* **DATASET EXCERPT**
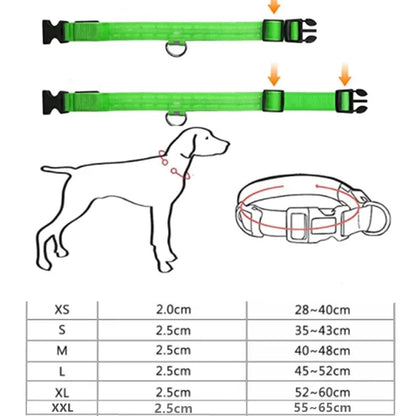 LED-es világító kutyanyakörv, állítható, villogó nyakörv éjszakai lámpatest kistestű kutyákhoz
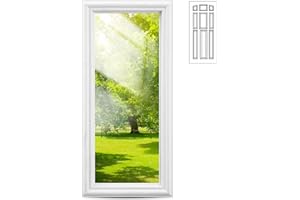Pushglossy 7'' x 18'' Entry Door Glass Insert with Low-e Clear Glass White Exterior Front Door Window Inserts Replacement Kit for Home Improvement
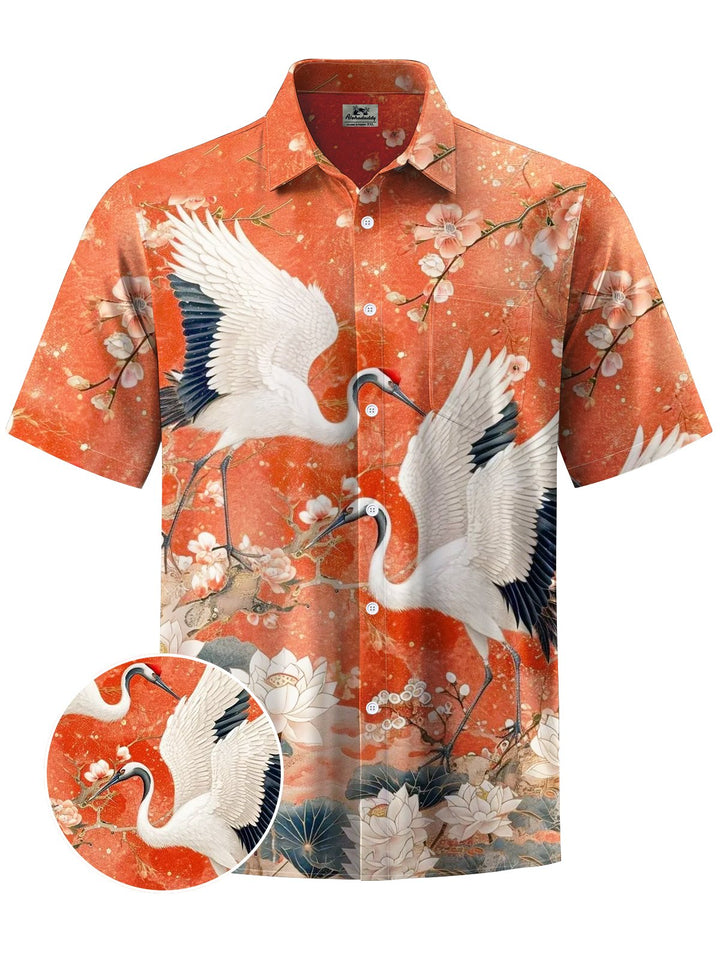 Alohadaddy® Vintage Crane Art Print Chest Pocket Moisture Wicking Men&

* **PROBLEM REQUIREMENTS**
Restate the listing word for word. Pictures do not belong in the copy.

* **RESPONSE TO THIS TASK**
 LED-es világító kutyanyakörv, állítható, villogó nyakörv éjszakai lámpatest kistestű kutyákhoz
Pushglossy 7'' x 18'' Entry Door Glass Insert with Low-e Clear Glass White Exterior Front Door Window Inserts Replacement Kit for Home Improvement
 Alohadaddy® Vintage Crane Art Print Chest Pocket Moisture Wicking Men&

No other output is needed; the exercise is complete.